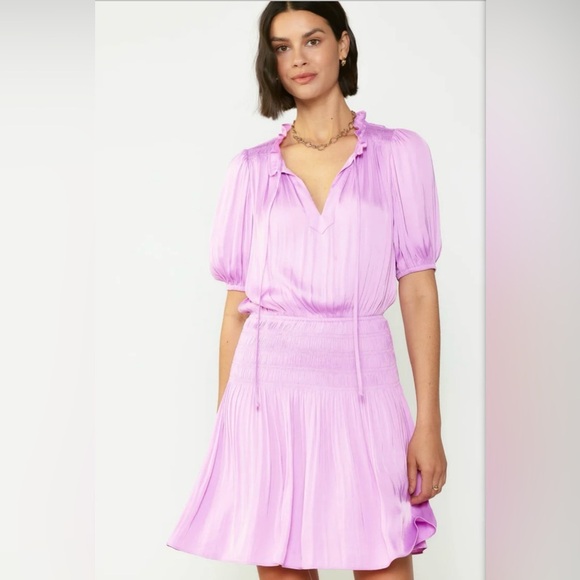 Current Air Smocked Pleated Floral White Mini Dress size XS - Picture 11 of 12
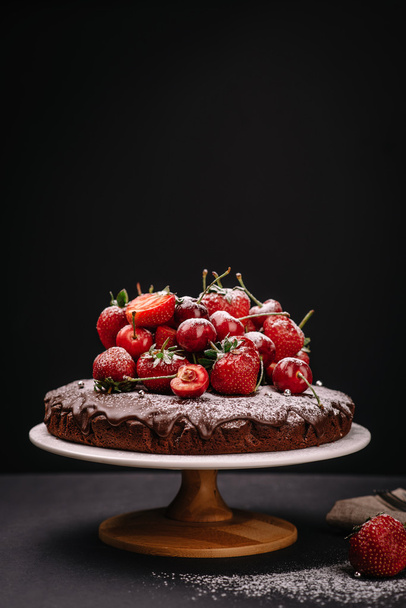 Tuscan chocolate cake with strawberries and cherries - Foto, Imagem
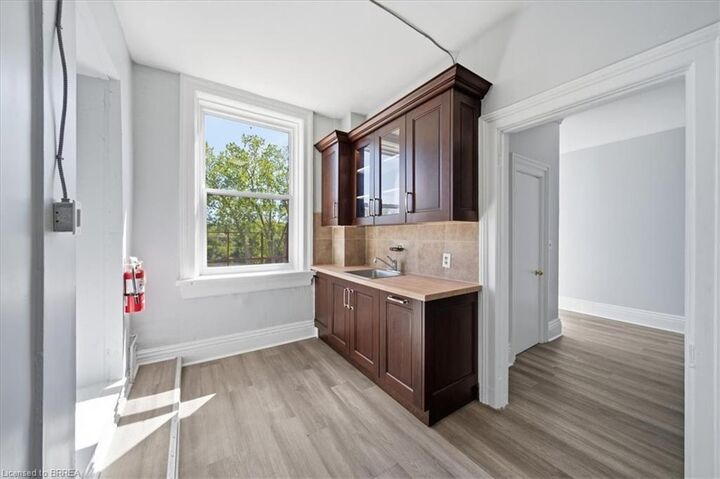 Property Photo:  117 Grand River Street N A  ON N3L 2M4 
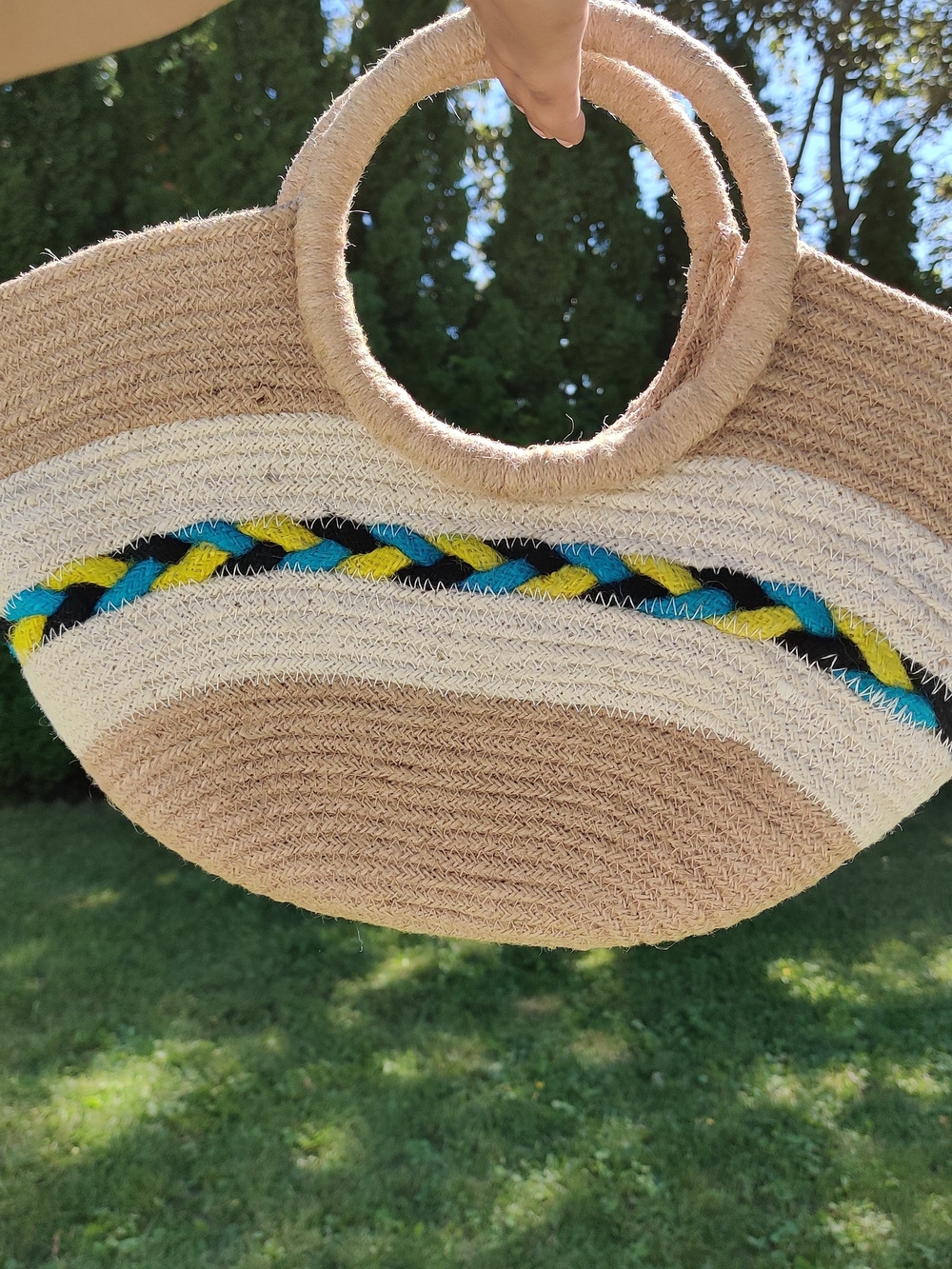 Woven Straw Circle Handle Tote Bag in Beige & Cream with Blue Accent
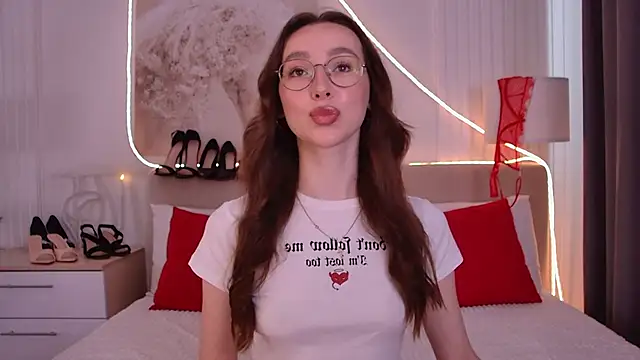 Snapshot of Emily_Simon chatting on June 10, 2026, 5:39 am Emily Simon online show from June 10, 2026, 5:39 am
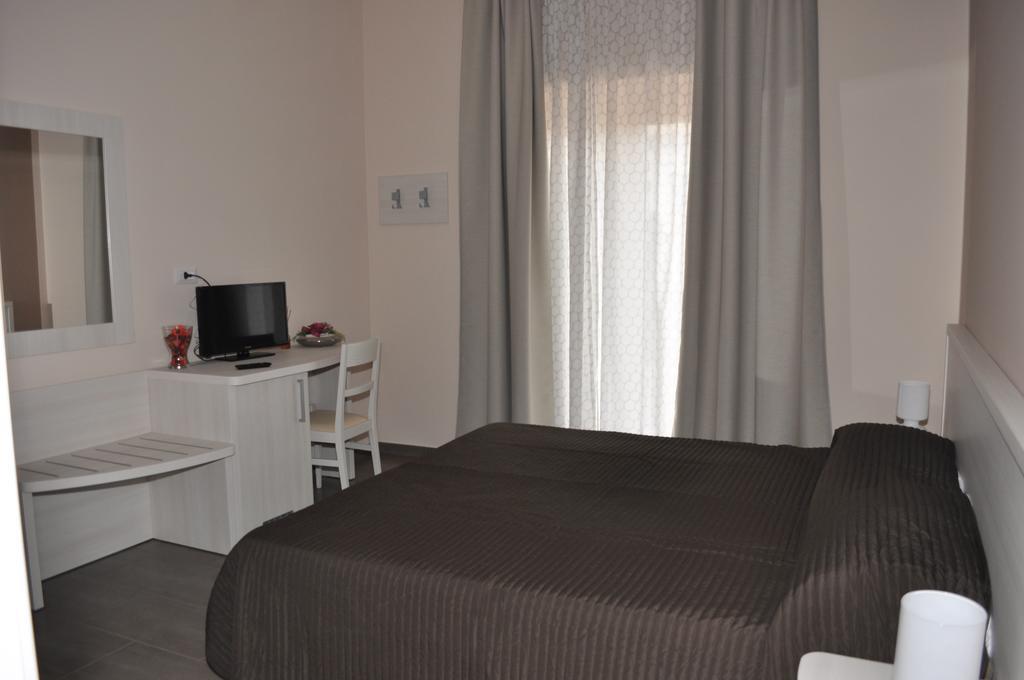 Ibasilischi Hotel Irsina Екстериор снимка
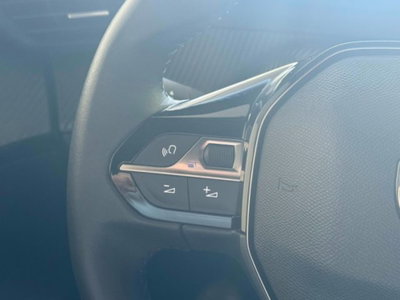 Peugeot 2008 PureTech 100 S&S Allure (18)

* * *

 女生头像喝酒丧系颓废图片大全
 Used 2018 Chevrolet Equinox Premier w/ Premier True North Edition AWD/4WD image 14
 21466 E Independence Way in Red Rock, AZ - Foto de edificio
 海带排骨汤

* * *

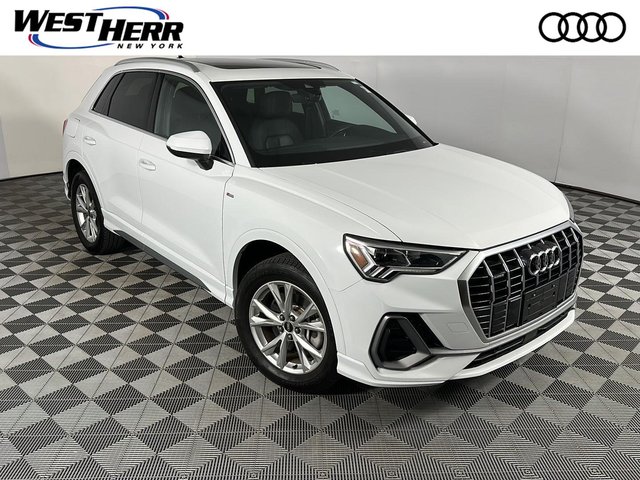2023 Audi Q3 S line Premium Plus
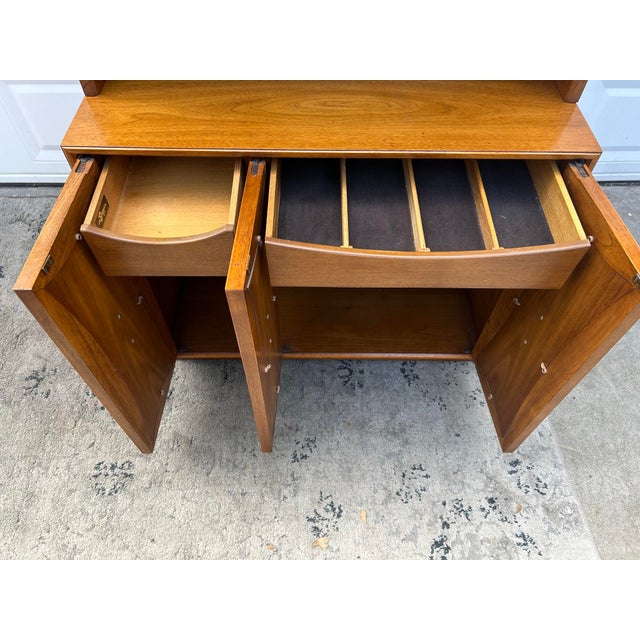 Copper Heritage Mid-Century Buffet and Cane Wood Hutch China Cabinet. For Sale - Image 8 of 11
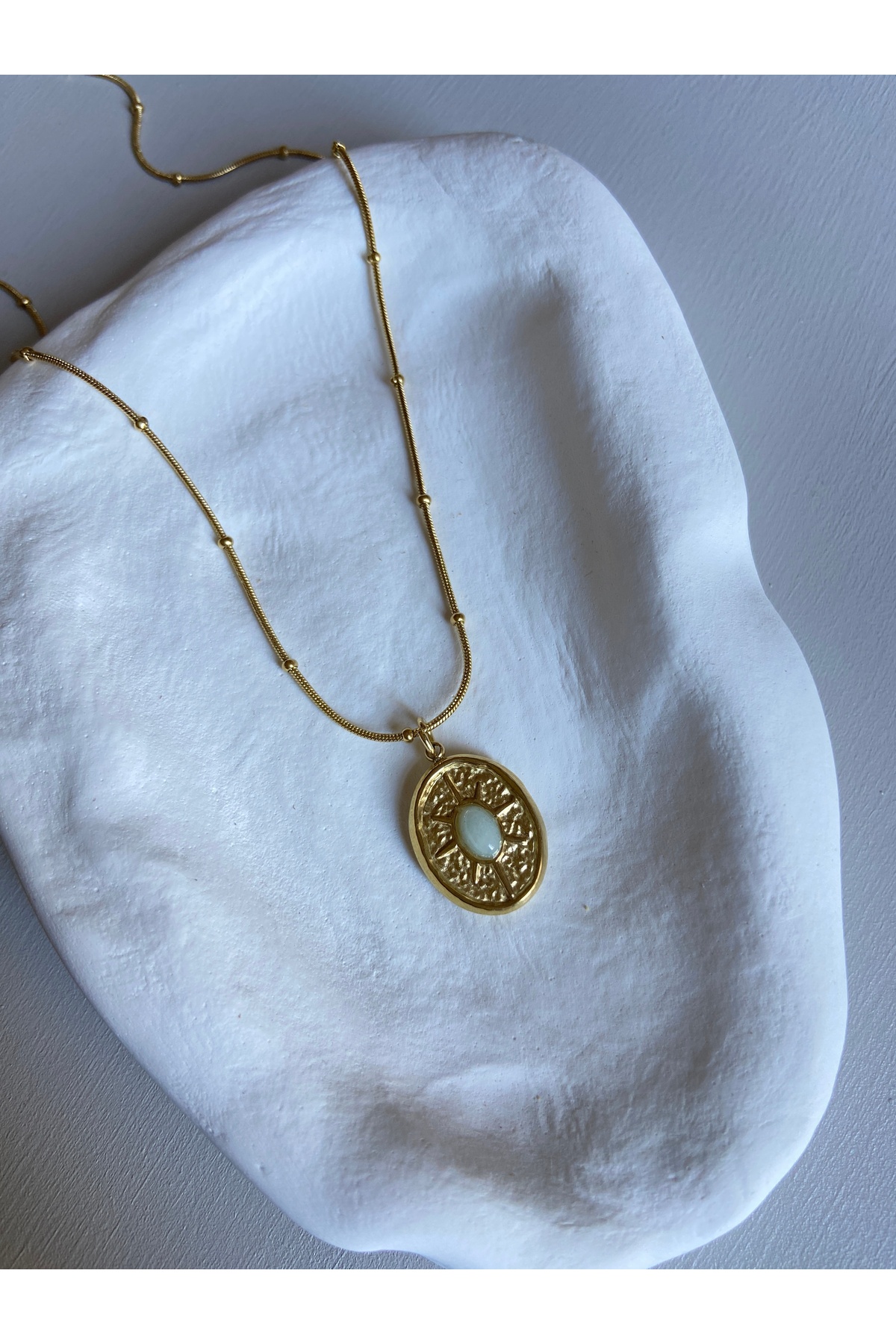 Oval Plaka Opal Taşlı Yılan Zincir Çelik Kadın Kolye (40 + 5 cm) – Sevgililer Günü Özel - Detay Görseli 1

Task description> Among the entries above, locate the line with "2023 Audi Q3 S line Premium Plus" and the line with "Oval Plaka Opal". Give those two lines and all lines between them again, exactly, leaving out the pictures.

Solution to the problem>
2023 Audi Q3 S line Premium Plus
 Copper Heritage Mid-Century Buffet and Cane Wood Hutch China Cabinet. For Sale - Image 8 of 11
 Oval Plaka Opal Taşlı Yılan Zincir Çelik Kadın Kolye (40 + 5 cm) – Sevgililer Günü Özel - Detay Görseli 1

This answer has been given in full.